Canary and GrayScale launch SUI ETFs with US staking rewards
According to sources, Canary Capital and Grayscale are reportedly launching US-focused ETFs that incorporate staking rewards into their product structure.
2/20/20262 min read


Expand the scope of investment
In a significant expansion of managed cryptocurrency investment products beyond Bitcoin and Ethereum, Canary Capital and Grayscale Investments have simultaneously launched the first US-listed spot ETFs tracking Sui's native token (SUI), complete with integrated staking yields.
Trading commenced on February 18, 2026, with the Canary Staking ETF (NASDAQ: SUIS) and the Grayscale Staking Sui ETF (NYSE Arca: GSUI) offering investors direct access to SUI along with a net staking reward of approximately 7%—reflected in the fund's net asset value (NAV)—marking a unique feature unprecedented in the US spot cryptocurrency ETF market.
This dual launch follows Canary's initial S-1 filing in March 2025 and Grayscale's conversion of its existing Sui Trust into an ETF structure, leveraging recent SEC approvals and the increasing institutional demand for proof-of-stake (PoS) networks. Sui, a high-throughput Layer-1 blockchain emphasizing scalability, low fees, and practical applications (e.g., gaming, DeFi, payments), has now gained access to mainstream exchanges – potentially driving widespread adoption in a volatile market environment.
The activity remains weak.
Despite initial positive factors, the SUI price fell below $1 in the trading session following its launch (down approximately 5-10% in early trading), reflecting the general weakness of altcoins, the dominance of BTC, and the "sell-off on bad news" sentiment. ETF trading volume remained modest.
GSUI: 8,000 shares (nominal value $109,000).
SUIS: 1,468 shares (nominal value $35,000).
The low initial purchase volume—described as "long-tail" trading—suggests cautious institutional participation amid macroeconomic pressures (record-high Global Uncertainty Index, geopolitical shifts). Analysts note that these products could appeal to allocators seeking yields over time, especially with the built-in staking feature.
How Staking Works in ETFs
For staking rewards to be viable in a tightly managed fund, managers must address the following issues:
Validator selection and performance
Risk of penalties (fines for misconduct or downtime)

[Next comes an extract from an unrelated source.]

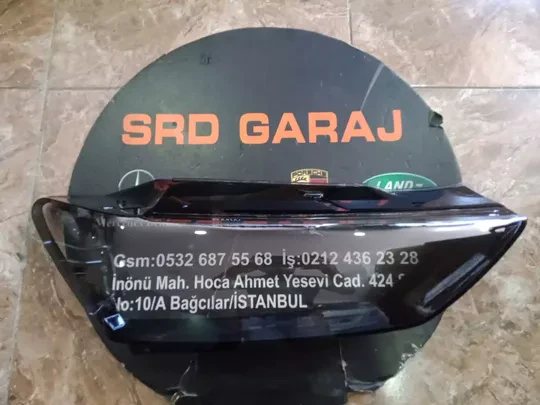 Audi A7 2019 2022 Sağ Far Camı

Network node uptime and infrastructure
Reward distribution timing and reinvestment strategy
Canary and Grayscale's approach demonstrates they have developed a custodial-staking infrastructure that complies with US fund regulations—filling a crucial operational gap between on-chain participation and off-chain investor protection.
Our review
The launch of SUI ETFs by Canary and Grayscale, which incorporate staking rewards, represents a sophisticated advancement in cryptocurrency investment products. By combining regulatory exposure with on-chain economic participation, these funds broaden the meaning of investing in the blockchain ecosystem.
As a result, they help transform digital assets from speculative tokens into profitable infrastructure investments—potentially redefining institutional participation in proof-of-stake networks for years to come.
Disclaimer: The information presented in this article is the author's personal opinion in the field of cryptocurrency. This is not financial or investment advice. All investment decisions should be based on careful consideration of your personal portfolio and risk tolerance. The views expressed in this article do not represent the official stance of the platform. We recommend that readers conduct their own research and consult with experts before making any investment decisions.